TASK DETAILS ::
Print the data exactly as written, line for line, and leave its pictures behind.

STORED DATA ::
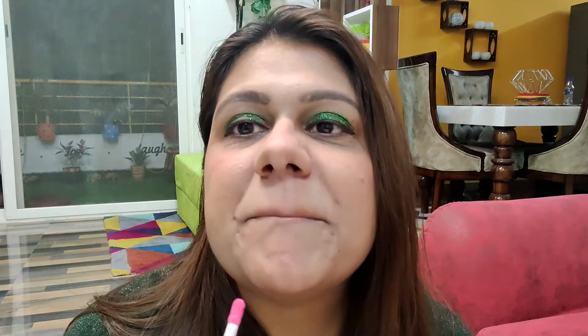I will show you on my lips and then we'll talk about it. I'm going to apply this lip gloss on my lips now. So this is the pink shade lip gloss by Rene. Now I will share my feedback with you.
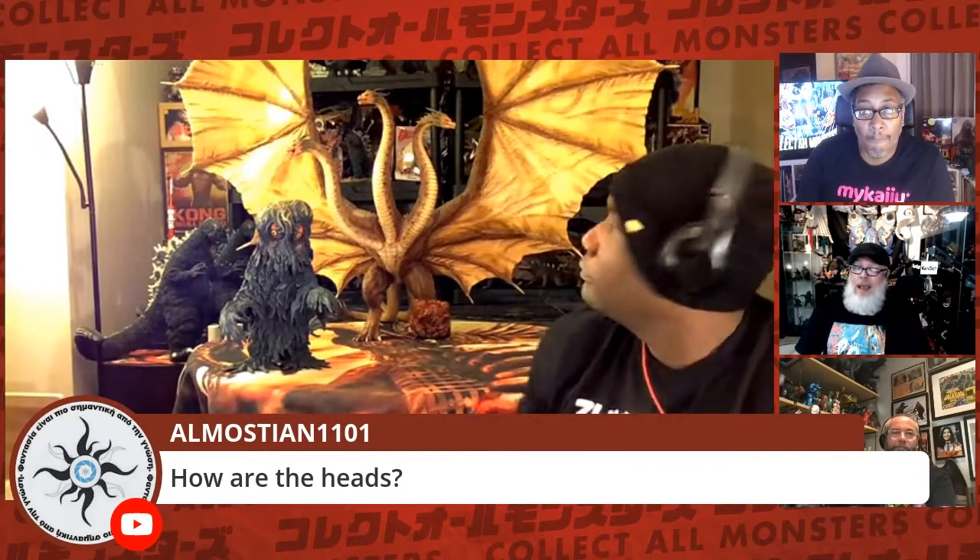I've had this figure for about three to four days and haven't really touched it. As you can see, it hasn't moved. As long as you keep it in a stable place where nobody's bumping into it, it's doing a great job standing on its own even with the knee stand. Almost Ian 1101 asks about the heads — the heads are great too. Everything is magnetized, kind of like the KOC kit I showcased earlier. Every head is held on by magnets and it's seamless — you can barely tell the seams. Everything fits into slots perfectly.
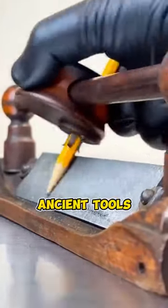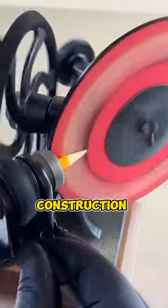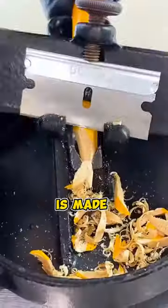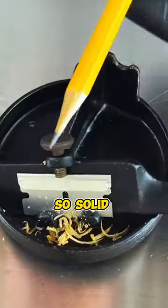Here are some ancient tools that you may have seen for the first time. Each tool has a different construction and mechanism, but have the same function. Each tool is made so seriously with a mature concept, making it so solid and complex.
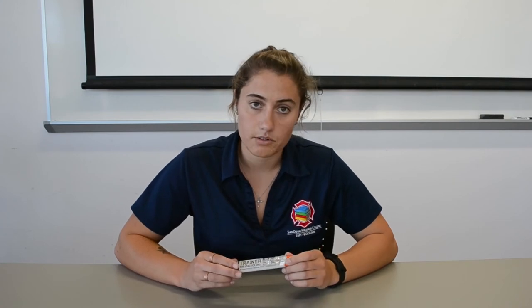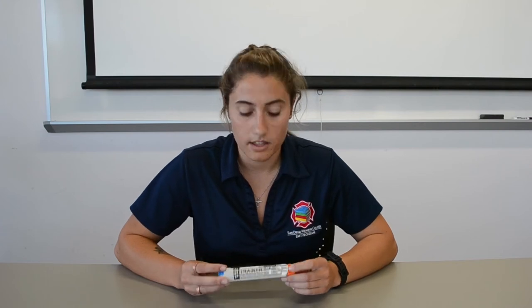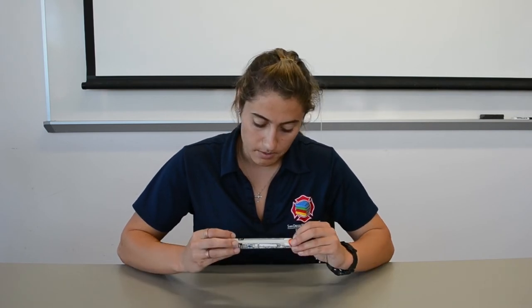Now we're going to go through the five rights. We're going to make sure it's the right patient — someone experiencing anaphylactic shock. The right medication — epinephrine. The right dose — 0.3 milligrams for an adult or 0.15 milligrams for a child. The right route — intramuscular in the lateral thigh. And the right date — it is not expired.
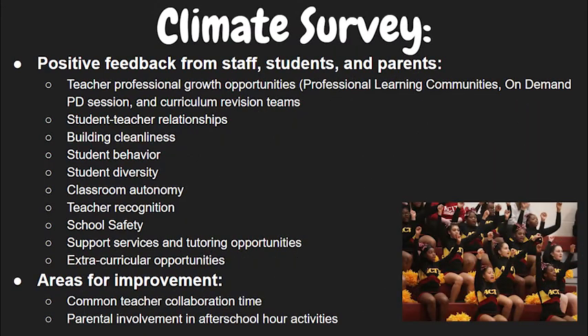Here is a result of our climate survey that was filled out by students, parents, and staff. As you can see, we had a ton of positive feedback, but there is always room for improvement.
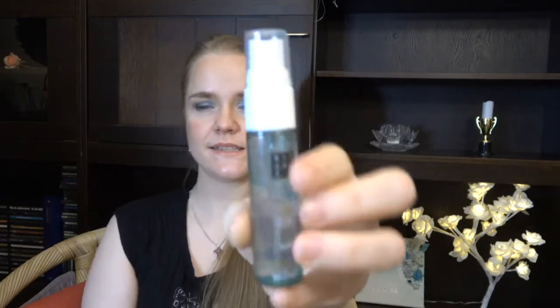Then we have green gables — something green. So I have this Ritual of Jing from Rituals, the sleep pillow and body mist. I think I might have two of these. I've already started this and will try to mark it so we can see the progress next time. I have just used up another pillow spray so this came in very handy. I do sleep twice a day because I work nights and days — I sleep like four hours before work and then four hours after work — so I get a lot of use out of sleepy things like a pillow mist.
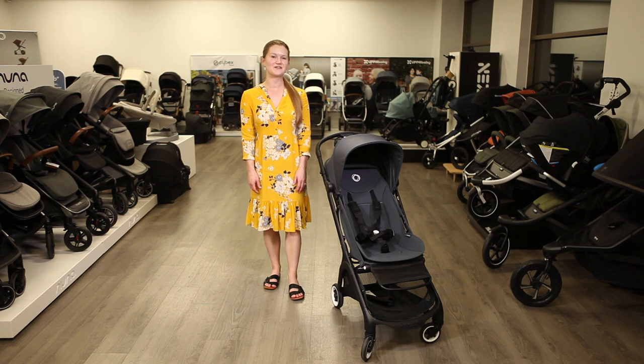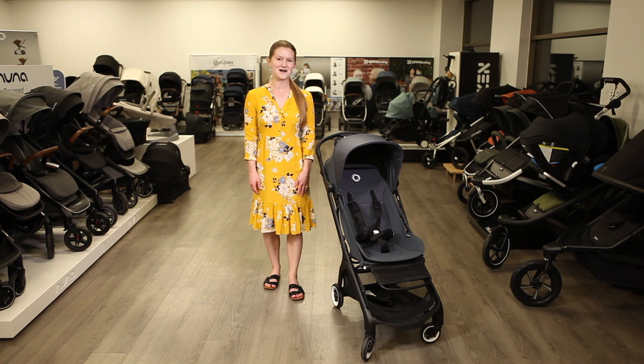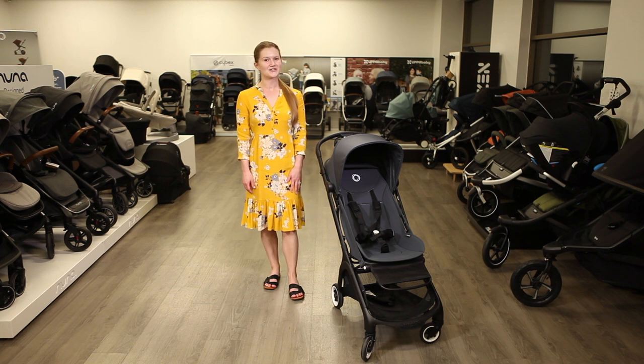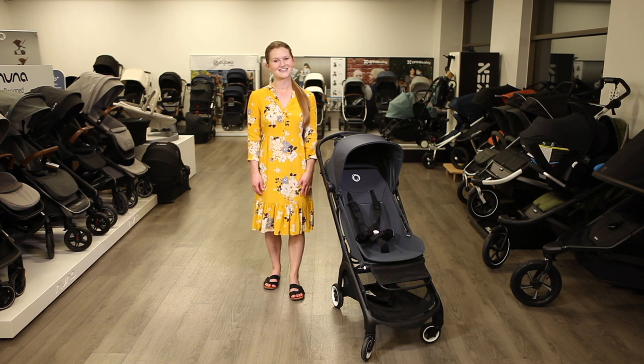That's it for a review of the Bugaboo Butterfly Travel Stroller. The butterfly is available to order at strolleria.com. If you need help finding the stroller that's right for you, email us at customercare at strolleria.com or leave a comment below. Thanks for watching!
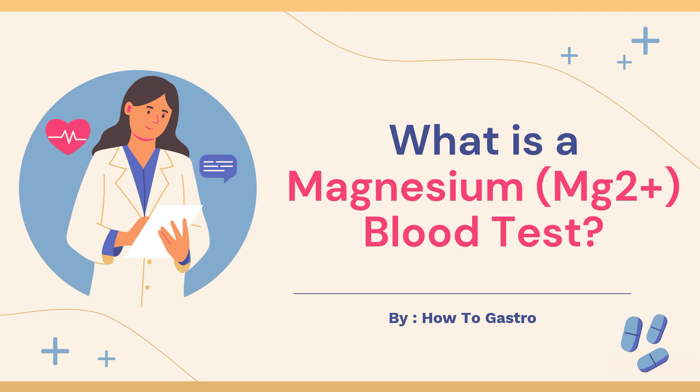Hey guys and welcome to Heartic Astro. In today's video we'll be discussing what is a magnesium blood test. So let's get started.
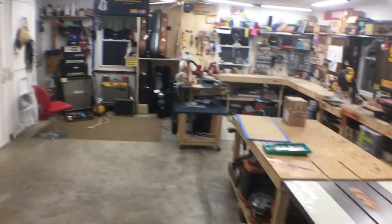Hey guys, my name is Luke — Chesapeake Guitar and Amp Repair. I'm right outside of Baltimore, about 30 minutes outside of Baltimore, and I do guitar and tube amp repairs.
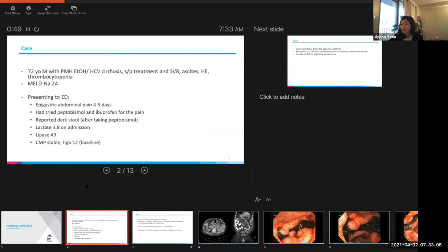He had tried some Pepto-Bismol and ibuprofen after the pain started with no improvement. He had some dark stool after taking the Pepto-Bismol. His lactate was 3.8 on admission. His lipase was 43. His CBC and CMP were stable. He had some mild elevations in transaminases he had previously. His belly was around five, again around his baseline, and his hemoglobin was 12.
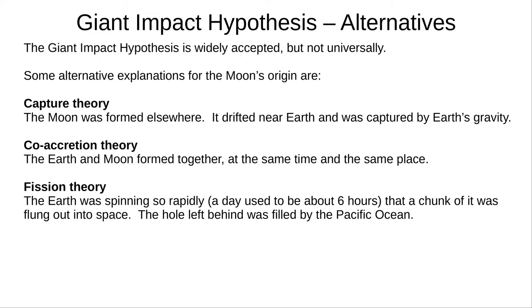The main alternative theories are: capture theory, where the Moon formed elsewhere by itself, drifted too close to Earth, and was captured by Earth's gravity; coaccretion theory, where the Earth and Moon formed together at the same place and time; and fission theory, where the Earth was spinning so fast that a part of it broke off and was thrown into space. The hole left behind is now called the Pacific Ocean.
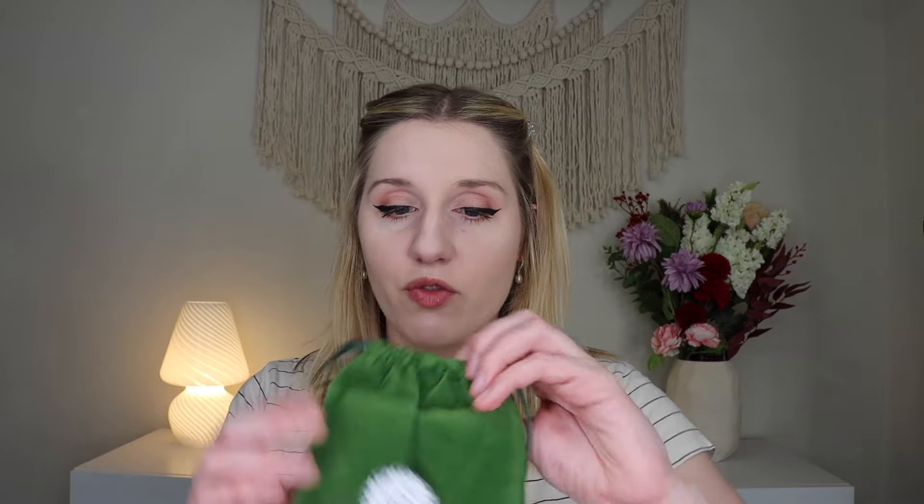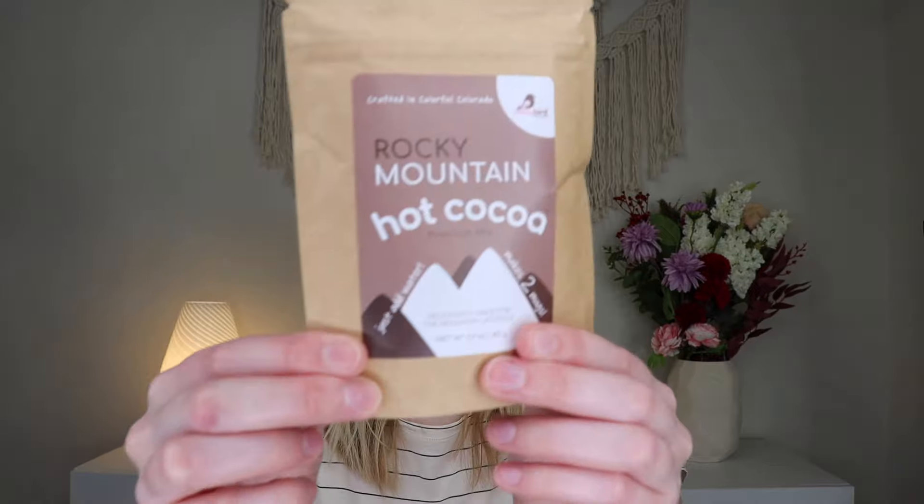Up next we're going to open the gift for page 47. We have some Rocky Mountain hot cocoa — premium mix, just add water and it makes two mugs. This is from Petey Bird, crafted in colorful Colorado. So a nice little hot cocoa moment. I love hot cocoa so I'm very here for this. You can also take the sticker off and just reuse the bag, which is very nice.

RESPONSE BELOW ::
I will show you on my lips and then we'll talk about it. I'm going to apply this lip gloss on my lips now. So this is the pink shade lip gloss by Rene. Now I will share my feedback with you.
I've had this figure for about three to four days and haven't really touched it. As you can see, it hasn't moved. As long as you keep it in a stable place where nobody's bumping into it, it's doing a great job standing on its own even with the knee stand. Almost Ian 1101 asks about the heads — the heads are great too. Everything is magnetized, kind of like the KOC kit I showcased earlier. Every head is held on by magnets and it's seamless — you can barely tell the seams. Everything fits into slots perfectly.
Here are some ancient tools that you may have seen for the first time. Each tool has a different construction and mechanism, but have the same function. Each tool is made so seriously with a mature concept, making it so solid and complex.
Now we're going to go through the five rights. We're going to make sure it's the right patient — someone experiencing anaphylactic shock. The right medication — epinephrine. The right dose — 0.3 milligrams for an adult or 0.15 milligrams for a child. The right route — intramuscular in the lateral thigh. And the right date — it is not expired.
Here is a result of our climate survey that was filled out by students, parents, and staff. As you can see, we had a ton of positive feedback, but there is always room for improvement.
Then we have green gables — something green. So I have this Ritual of Jing from Rituals, the sleep pillow and body mist. I think I might have two of these. I've already started this and will try to mark it so we can see the progress next time. I have just used up another pillow spray so this came in very handy. I do sleep twice a day because I work nights and days — I sleep like four hours before work and then four hours after work — so I get a lot of use out of sleepy things like a pillow mist.
That's it for a review of the Bugaboo Butterfly Travel Stroller. The butterfly is available to order at strolleria.com. If you need help finding the stroller that's right for you, email us at customercare at strolleria.com or leave a comment below. Thanks for watching!
Hey guys and welcome to Heartic Astro. In today's video we'll be discussing what is a magnesium blood test. So let's get started.
Hey guys, my name is Luke — Chesapeake Guitar and Amp Repair. I'm right outside of Baltimore, about 30 minutes outside of Baltimore, and I do guitar and tube amp repairs.
He had tried some Pepto-Bismol and ibuprofen after the pain started with no improvement. He had some dark stool after taking the Pepto-Bismol. His lactate was 3.8 on admission. His lipase was 43. His CBC and CMP were stable. He had some mild elevations in transaminases he had previously. His belly was around five, again around his baseline, and his hemoglobin was 12.
The main alternative theories are: capture theory, where the Moon formed elsewhere by itself, drifted too close to Earth, and was captured by Earth's gravity; coaccretion theory, where the Earth and Moon formed together at the same place and time; and fission theory, where the Earth was spinning so fast that a part of it broke off and was thrown into space. The hole left behind is now called the Pacific Ocean.
Up next we're going to open the gift for page 47. We have some Rocky Mountain hot cocoa — premium mix, just add water and it makes two mugs. This is from Petey Bird, crafted in colorful Colorado. So a nice little hot cocoa moment. I love hot cocoa so I'm very here for this. You can also take the sticker off and just reuse the bag, which is very nice.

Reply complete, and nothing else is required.